WHAT THE TASK ASKS => Print every line below exactly. Skip the pictures.

DATASET EXTRACT =>
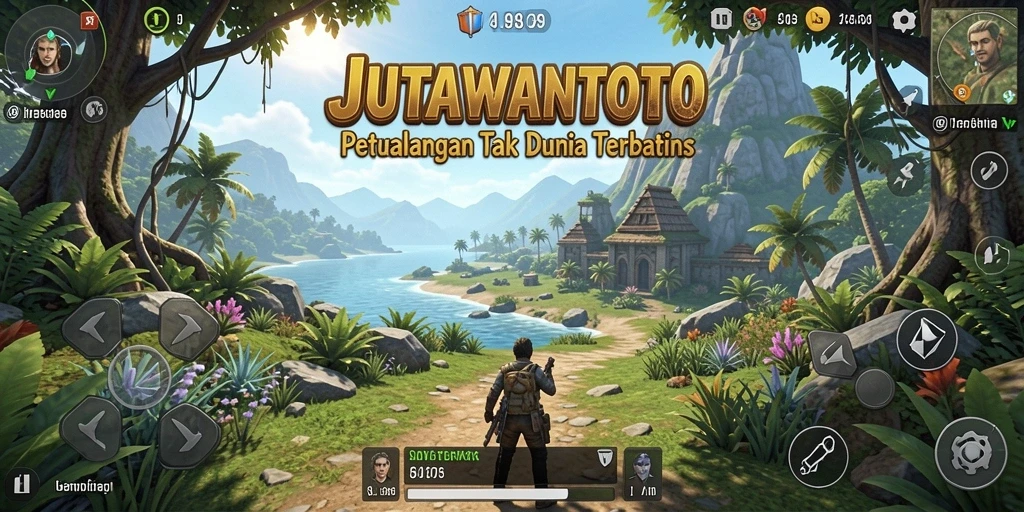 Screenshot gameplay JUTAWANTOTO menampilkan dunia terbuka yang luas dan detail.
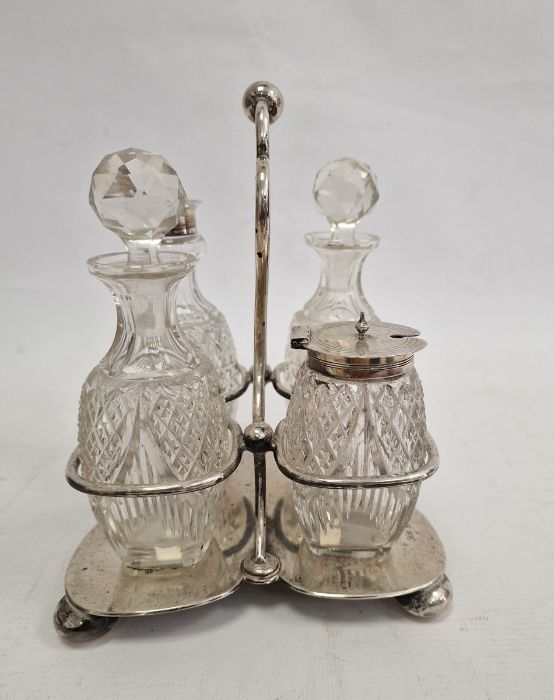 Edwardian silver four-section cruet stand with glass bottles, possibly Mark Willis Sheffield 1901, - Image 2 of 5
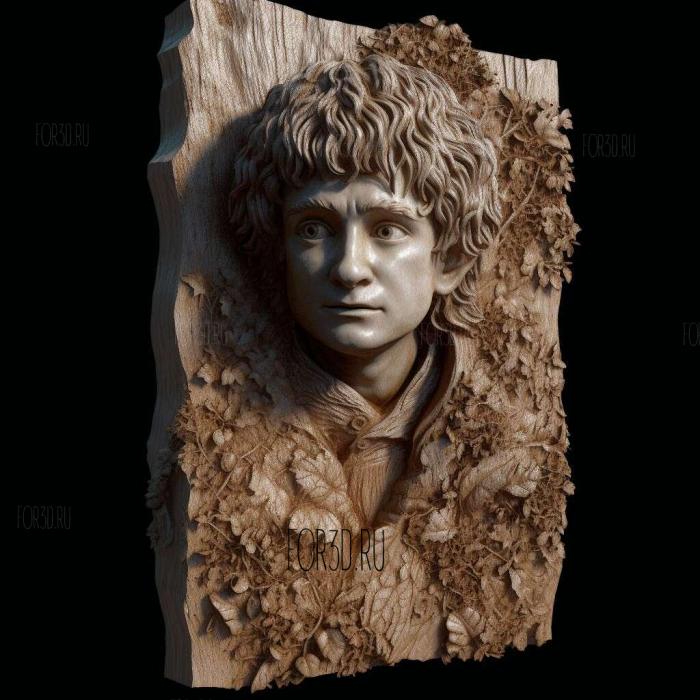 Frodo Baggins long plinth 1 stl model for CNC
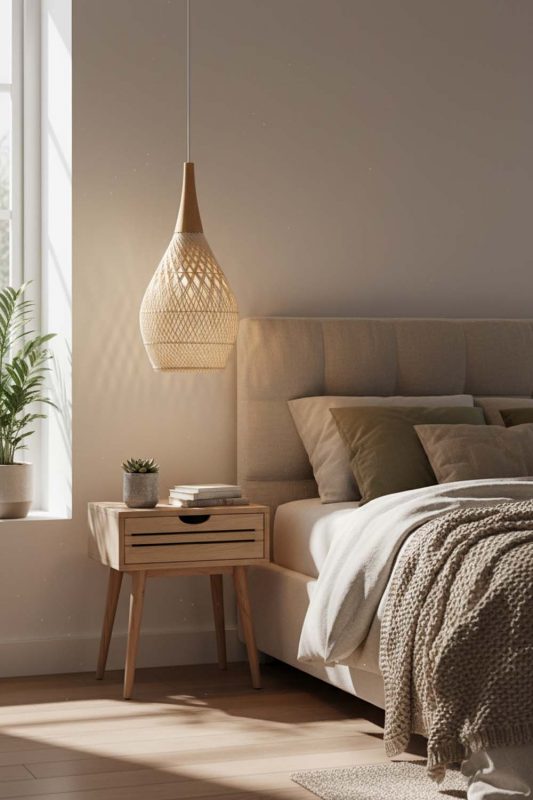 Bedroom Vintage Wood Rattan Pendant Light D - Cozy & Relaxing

WRITTEN RESPONSE =>
 Screenshot gameplay JUTAWANTOTO menampilkan dunia terbuka yang luas dan detail.
 Edwardian silver four-section cruet stand with glass bottles, possibly Mark Willis Sheffield 1901, - Image 2 of 5
 Frodo Baggins long plinth 1 stl model for CNC
 Bedroom Vintage Wood Rattan Pendant Light D - Cozy & Relaxing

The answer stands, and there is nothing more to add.